» **Your instructions**
Nothing outside the stretch is wanted. Repeat exactly the lines of the listing below from the one that contains "The CPR targets" through the one that contains "And here is", both ends included.

» **Data for analysis**
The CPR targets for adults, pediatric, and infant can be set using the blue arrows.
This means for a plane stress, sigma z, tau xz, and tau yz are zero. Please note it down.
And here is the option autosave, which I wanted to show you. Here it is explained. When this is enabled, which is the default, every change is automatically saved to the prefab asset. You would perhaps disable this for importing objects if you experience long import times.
---
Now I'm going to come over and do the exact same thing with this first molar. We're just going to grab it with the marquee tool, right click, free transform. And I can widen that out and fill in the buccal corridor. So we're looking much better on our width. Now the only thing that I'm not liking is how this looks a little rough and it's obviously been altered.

» **Output below**
The CPR targets for adults, pediatric, and infant can be set using the blue arrows.
This means for a plane stress, sigma z, tau xz, and tau yz are zero. Please note it down.
And here is the option autosave, which I wanted to show you. Here it is explained. When this is enabled, which is the default, every change is automatically saved to the prefab asset. You would perhaps disable this for importing objects if you experience long import times.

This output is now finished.